There are total 6 evals, we have convered in this notebook:
- Context Relevance
- Response Conciseness
- Response Match
- Factual Accuracy
- Response Completeness with respect to Context
- Response Relevance

Each score has a value between 0 and 1. 

For our evaluations, we have used Financial QA dataset. The FiQA dataset has roughly 6,000 questions and 57,000 answers. Financial QA is hard because the vocabularies are context specific.

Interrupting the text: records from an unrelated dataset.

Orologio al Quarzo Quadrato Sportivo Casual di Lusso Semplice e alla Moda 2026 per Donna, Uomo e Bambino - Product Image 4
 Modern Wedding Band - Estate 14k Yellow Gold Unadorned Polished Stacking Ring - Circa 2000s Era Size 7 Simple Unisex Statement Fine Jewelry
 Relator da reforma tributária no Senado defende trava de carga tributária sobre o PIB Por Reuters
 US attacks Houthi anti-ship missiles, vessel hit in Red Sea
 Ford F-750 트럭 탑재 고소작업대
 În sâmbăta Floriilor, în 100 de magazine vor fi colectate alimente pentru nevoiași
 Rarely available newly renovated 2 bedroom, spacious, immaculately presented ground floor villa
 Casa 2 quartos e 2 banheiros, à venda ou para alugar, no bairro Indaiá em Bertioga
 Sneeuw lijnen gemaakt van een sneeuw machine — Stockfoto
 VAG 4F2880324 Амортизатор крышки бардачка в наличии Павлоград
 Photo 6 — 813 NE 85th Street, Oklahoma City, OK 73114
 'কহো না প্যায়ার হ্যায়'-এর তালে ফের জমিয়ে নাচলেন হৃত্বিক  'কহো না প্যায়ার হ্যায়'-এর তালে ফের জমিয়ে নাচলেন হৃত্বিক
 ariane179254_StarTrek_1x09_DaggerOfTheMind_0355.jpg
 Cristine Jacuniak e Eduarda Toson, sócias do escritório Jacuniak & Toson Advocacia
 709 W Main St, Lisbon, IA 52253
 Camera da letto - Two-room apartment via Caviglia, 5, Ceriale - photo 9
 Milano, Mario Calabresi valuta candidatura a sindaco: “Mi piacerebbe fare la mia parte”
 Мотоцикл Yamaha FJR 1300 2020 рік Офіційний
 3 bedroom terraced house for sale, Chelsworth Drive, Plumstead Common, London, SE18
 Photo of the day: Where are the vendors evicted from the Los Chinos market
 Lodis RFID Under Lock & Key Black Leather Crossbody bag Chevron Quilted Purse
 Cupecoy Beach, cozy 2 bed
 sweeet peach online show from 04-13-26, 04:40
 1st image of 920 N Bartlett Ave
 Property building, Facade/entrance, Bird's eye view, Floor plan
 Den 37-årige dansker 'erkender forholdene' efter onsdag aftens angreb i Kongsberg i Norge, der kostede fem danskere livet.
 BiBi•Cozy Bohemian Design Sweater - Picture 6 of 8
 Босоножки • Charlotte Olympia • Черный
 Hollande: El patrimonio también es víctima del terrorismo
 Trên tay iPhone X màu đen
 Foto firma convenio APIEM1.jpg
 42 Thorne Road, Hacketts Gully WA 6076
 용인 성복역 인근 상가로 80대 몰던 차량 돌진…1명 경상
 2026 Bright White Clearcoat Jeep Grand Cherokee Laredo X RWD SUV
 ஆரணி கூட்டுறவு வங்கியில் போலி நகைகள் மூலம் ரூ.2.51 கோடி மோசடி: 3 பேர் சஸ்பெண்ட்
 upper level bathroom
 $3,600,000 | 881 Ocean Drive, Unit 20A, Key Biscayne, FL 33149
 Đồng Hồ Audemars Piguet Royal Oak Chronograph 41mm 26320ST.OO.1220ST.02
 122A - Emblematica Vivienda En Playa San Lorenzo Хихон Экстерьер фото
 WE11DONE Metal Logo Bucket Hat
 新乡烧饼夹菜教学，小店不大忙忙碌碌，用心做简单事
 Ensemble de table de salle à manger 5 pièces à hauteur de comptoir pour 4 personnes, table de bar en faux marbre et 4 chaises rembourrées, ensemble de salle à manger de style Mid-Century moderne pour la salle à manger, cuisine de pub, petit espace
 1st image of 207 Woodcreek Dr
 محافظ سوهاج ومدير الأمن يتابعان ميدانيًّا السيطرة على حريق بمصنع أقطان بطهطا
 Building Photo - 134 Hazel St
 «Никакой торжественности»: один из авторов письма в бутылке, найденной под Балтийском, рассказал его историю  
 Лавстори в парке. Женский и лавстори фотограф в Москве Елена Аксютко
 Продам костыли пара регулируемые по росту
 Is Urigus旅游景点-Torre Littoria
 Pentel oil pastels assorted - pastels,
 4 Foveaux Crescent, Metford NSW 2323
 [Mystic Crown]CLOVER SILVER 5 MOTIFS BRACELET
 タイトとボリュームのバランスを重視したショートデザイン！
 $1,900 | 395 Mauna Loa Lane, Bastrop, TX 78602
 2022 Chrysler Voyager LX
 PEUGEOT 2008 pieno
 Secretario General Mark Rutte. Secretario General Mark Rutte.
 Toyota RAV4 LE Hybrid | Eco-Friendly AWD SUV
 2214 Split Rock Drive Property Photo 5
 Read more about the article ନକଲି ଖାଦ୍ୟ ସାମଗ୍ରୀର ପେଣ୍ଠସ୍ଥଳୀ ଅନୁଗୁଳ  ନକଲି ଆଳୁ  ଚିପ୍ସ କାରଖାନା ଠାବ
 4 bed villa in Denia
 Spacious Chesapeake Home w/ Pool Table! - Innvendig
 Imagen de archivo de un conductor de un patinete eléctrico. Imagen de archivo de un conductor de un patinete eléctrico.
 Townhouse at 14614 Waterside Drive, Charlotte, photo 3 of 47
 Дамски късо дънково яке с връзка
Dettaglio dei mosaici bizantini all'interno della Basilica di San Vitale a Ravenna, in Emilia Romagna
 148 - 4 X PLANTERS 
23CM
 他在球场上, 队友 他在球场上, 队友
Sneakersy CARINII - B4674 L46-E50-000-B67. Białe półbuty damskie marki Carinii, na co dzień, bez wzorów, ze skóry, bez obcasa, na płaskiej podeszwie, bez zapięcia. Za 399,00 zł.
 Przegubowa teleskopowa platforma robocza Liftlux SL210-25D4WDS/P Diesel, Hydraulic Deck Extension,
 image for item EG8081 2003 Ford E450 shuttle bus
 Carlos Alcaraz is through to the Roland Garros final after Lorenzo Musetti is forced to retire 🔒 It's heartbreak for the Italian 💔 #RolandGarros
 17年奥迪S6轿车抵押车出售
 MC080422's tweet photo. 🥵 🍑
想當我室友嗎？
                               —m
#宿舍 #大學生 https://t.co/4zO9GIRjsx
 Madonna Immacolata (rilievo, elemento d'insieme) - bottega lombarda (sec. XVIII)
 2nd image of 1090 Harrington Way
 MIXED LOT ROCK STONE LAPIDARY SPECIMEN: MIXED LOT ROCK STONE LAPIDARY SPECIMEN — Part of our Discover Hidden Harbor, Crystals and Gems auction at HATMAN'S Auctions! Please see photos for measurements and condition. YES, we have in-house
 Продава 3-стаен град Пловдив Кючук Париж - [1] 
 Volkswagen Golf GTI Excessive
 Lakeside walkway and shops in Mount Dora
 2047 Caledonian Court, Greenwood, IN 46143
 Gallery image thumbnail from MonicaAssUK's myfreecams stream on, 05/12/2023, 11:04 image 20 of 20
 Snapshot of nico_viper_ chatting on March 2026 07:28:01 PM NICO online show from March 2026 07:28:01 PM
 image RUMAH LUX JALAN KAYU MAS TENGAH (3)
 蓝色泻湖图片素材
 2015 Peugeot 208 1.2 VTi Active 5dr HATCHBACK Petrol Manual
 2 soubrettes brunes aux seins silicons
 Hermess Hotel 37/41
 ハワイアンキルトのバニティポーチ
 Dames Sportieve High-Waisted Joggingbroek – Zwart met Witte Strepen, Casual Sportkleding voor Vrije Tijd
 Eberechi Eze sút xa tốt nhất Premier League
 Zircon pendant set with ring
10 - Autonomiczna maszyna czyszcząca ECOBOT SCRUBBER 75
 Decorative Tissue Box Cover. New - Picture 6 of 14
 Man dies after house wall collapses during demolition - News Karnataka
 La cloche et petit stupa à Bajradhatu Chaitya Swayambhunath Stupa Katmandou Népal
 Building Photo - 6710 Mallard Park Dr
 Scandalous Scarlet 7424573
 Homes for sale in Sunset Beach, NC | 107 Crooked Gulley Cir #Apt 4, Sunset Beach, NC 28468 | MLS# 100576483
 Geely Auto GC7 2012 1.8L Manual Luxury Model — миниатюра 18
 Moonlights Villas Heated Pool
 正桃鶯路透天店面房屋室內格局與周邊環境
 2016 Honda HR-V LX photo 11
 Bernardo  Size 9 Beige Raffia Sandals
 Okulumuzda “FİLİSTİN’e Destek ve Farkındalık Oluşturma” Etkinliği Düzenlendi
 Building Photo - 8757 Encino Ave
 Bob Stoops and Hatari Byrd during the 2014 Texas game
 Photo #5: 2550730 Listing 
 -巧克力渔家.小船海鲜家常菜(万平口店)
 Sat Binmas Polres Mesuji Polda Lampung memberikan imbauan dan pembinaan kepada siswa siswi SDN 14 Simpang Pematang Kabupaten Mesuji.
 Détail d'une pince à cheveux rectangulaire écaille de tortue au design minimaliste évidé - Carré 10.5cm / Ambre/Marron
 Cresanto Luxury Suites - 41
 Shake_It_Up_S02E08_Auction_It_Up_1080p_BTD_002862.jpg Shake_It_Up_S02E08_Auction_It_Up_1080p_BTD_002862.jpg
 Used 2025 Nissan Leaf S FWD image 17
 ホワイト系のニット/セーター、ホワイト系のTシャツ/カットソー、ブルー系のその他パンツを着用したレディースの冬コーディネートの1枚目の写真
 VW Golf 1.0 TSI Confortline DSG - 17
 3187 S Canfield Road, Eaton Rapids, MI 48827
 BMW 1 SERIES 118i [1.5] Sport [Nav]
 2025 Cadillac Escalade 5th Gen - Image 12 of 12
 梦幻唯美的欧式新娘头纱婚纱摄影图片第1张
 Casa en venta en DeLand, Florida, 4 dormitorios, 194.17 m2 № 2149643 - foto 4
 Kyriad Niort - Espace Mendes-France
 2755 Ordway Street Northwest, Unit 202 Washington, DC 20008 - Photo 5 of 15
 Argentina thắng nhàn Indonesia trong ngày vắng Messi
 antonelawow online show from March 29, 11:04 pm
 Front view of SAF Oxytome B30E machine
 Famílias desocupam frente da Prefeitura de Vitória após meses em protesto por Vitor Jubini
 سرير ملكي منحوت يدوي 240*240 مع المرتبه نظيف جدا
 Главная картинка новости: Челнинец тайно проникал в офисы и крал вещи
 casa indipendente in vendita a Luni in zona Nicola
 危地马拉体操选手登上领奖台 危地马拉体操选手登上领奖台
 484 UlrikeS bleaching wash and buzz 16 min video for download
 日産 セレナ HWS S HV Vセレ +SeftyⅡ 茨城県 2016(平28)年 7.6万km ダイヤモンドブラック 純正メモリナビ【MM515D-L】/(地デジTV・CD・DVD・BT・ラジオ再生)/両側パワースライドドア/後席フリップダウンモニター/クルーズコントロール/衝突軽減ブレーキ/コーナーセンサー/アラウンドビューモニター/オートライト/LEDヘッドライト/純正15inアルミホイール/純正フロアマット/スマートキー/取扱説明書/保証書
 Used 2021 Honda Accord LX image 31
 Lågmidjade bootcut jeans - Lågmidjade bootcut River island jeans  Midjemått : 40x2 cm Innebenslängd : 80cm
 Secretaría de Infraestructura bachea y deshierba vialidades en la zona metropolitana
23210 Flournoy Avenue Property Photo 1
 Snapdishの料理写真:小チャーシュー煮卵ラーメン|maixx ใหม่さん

In this experiment, we have randomly picked 30 questions and performed our evaluations on top of it. 

In [46]:
import numpy as np 
import polars as pl 
import os 
import tempfile

In [None]:
url = "https://oodles-dev-training-data.s3.us-west-1.amazonaws.com/benchmark.jsonl"
TEMP_DIR = tempfile.gettempdir()
dataset_path = os.path.join(TEMP_DIR, "benchmark.jsonl")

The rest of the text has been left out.